With Curtis Granderson being a disappointment, the only players on the club for whom I would feel reasonably confident in projecting them to approach or replicate this season’s performance are Nick Swisher, Brett Gardner, Robinson Cano, and Mark Teixeira (and the first two have some BABIP issues that concern me a bit). While all of the players noted as being in decline will still be useful cogs, they are unlikely to provide the Yankees with the dominant middle of the order production that we have become accustomed to for much longer. Even if Jeter and A-Rod bounce back, it is folly to depend on both to be superstar caliber hitters three or four years down the road.
This is where Montero comes in. Jesus is a 20 year old who, after a slow start, is mashing in AAA much like he did at the lower levels. He has shown himself to be a complete hitter, hitting for average and power, as well as displaying an increasingly solid batting eye. He hits both lefties and righties, early in the year and late, with men on and the bases empty, when trailing and when leading. Any way you slice his minor league splits, he looks like a major league hitter. The scouts love his bat, and I have seen many of them state that his is an elite stick no matter where he ends up defensively. Additionally, he is the only real middle of the order bat that the Yankees have close to the majors, and possibly in the entire system.

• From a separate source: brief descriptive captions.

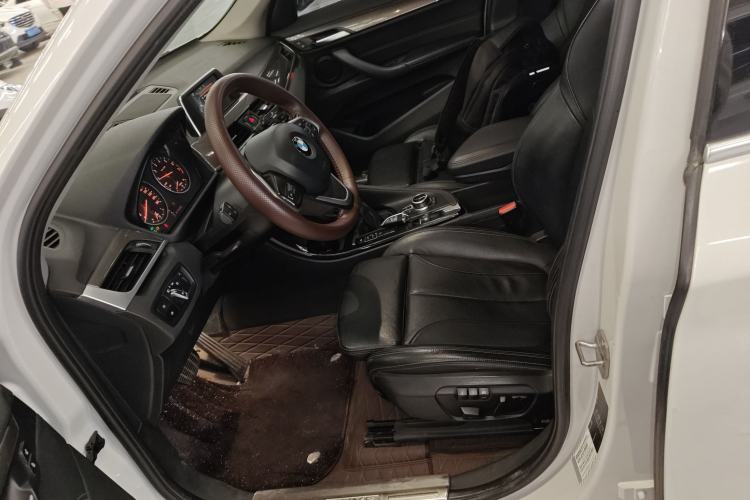 Used BMW X1 2016 sDrive20Li Luxury Model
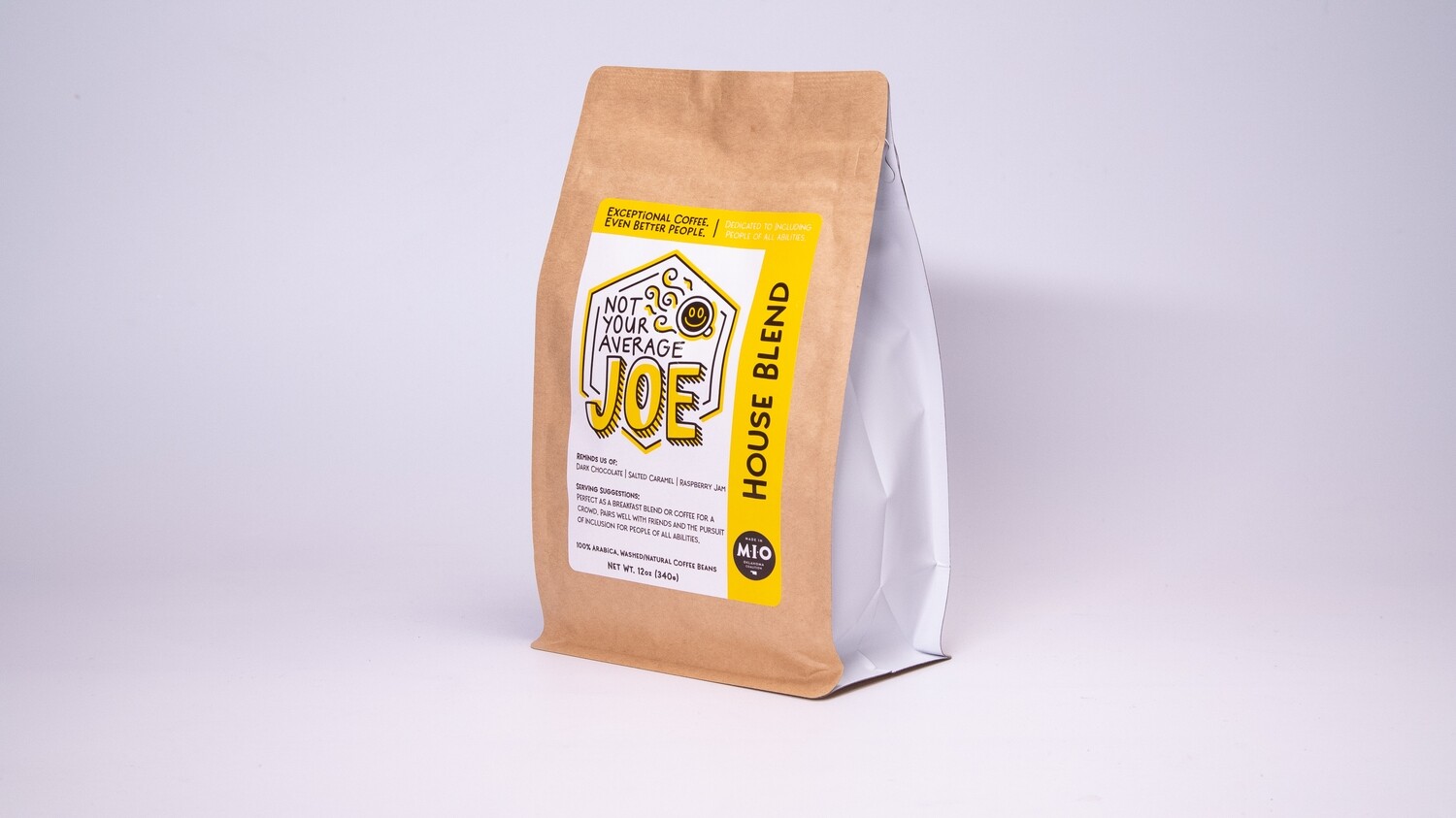 Not Your Average Joe Coffee – House Blend image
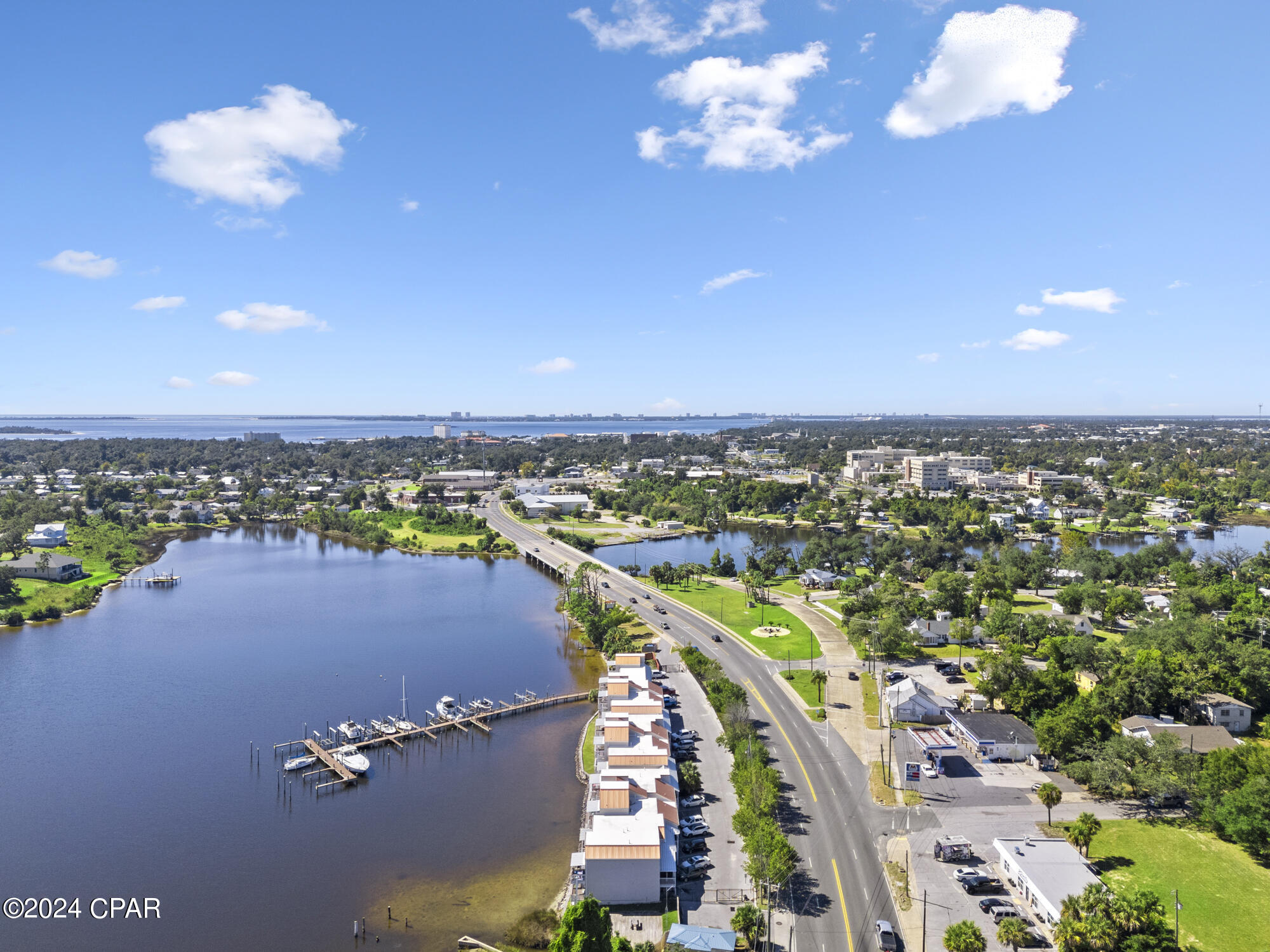 Bayou Pointe Villas - Residential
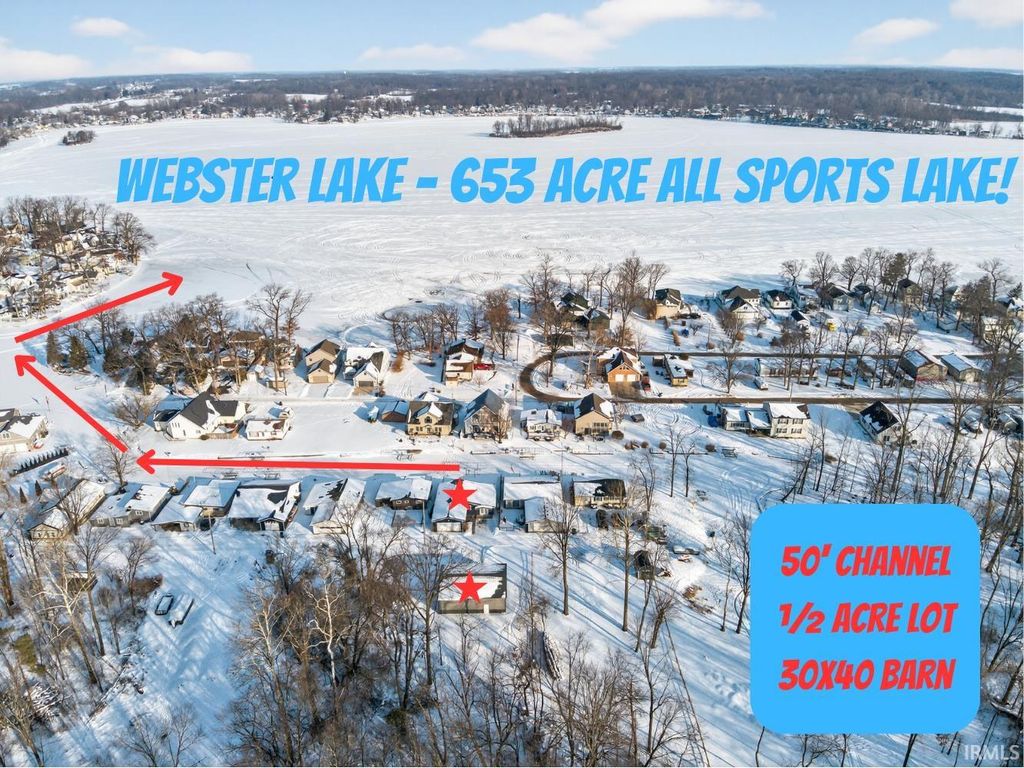 36 EMS W31A Lane, North Webster, IN 46555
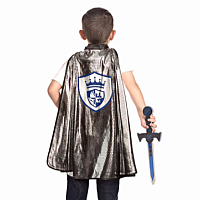 Adventure Knight Cape and Sword
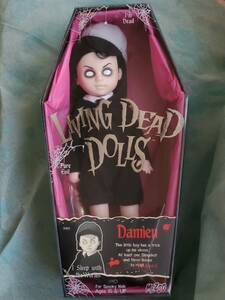 リビングデッドドールズ　Damien　LIVING DEAD DOLLS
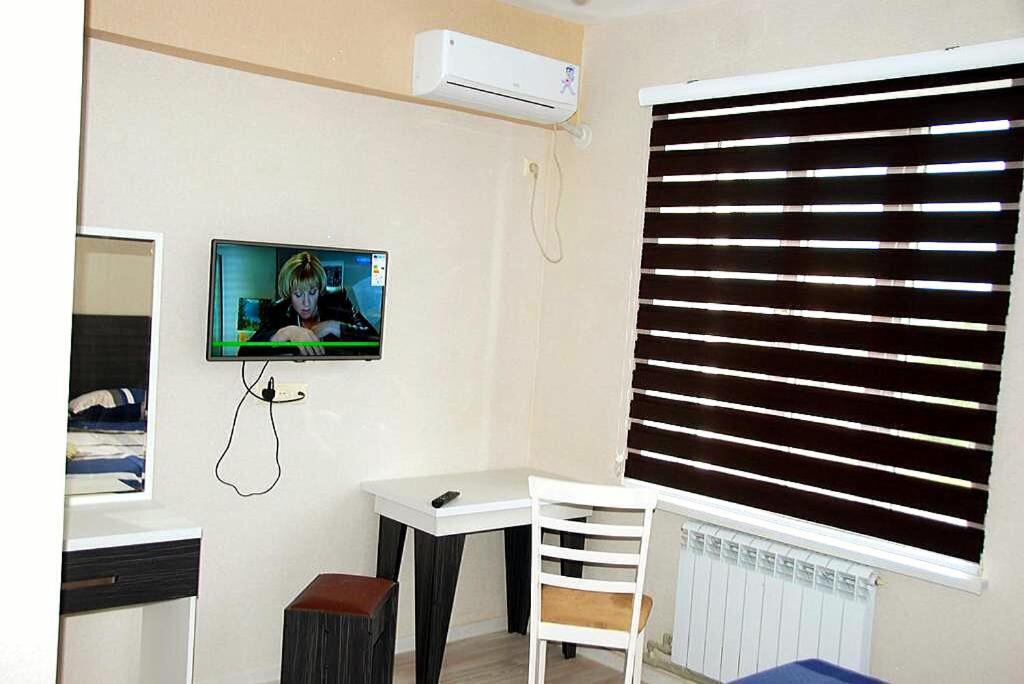 Sakho Hotel-Hostel Duszanbe Zewnętrze zdjęcie
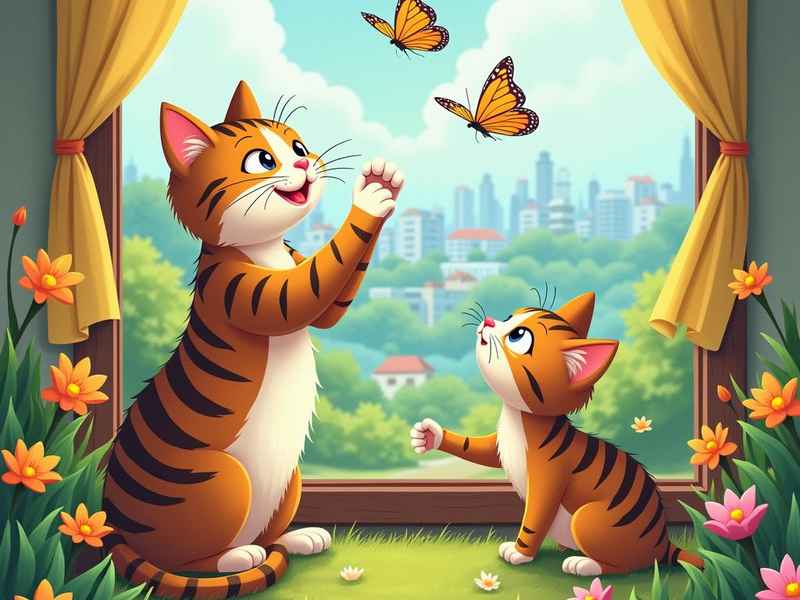 故事猫讲故事 故事猫讲故事教案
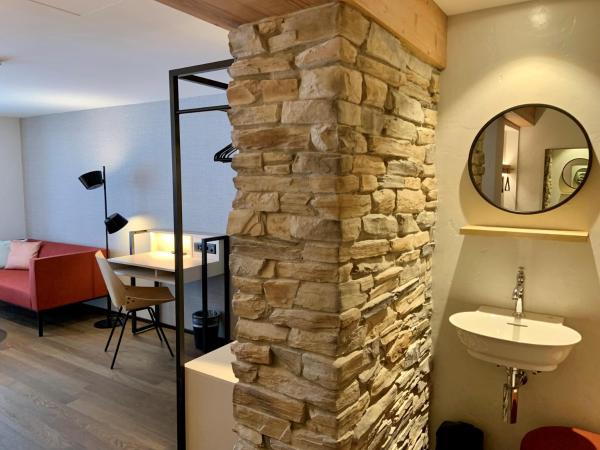 Hotel Interlaken : photo 7 de la chambre chambre familiale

Yes, it is possible for the Yankees to supplement their lineup in free agency. But holding onto Montero allows the Yankees to forgo handing out huge contracts to free agents who are just old enough to be leaving their primes. And yes, it is very possible that he does not stick at catcher. But for a team that will need his bat soon, that should be largely irrelevant. You find a position for that sort of potential at the plate. You split his time between DH, C, 1B, maybe the outfield. You do everything you can to get Montero into that lineup on an everyday basis. He is 20 years old, and will be only 27 by the time Teixeira’s contract expires. Looking at the team now and saying that he is blocked is shortsighted. The Yankees should hold on to Montero. If they do not, I think they will regret it fairly soon.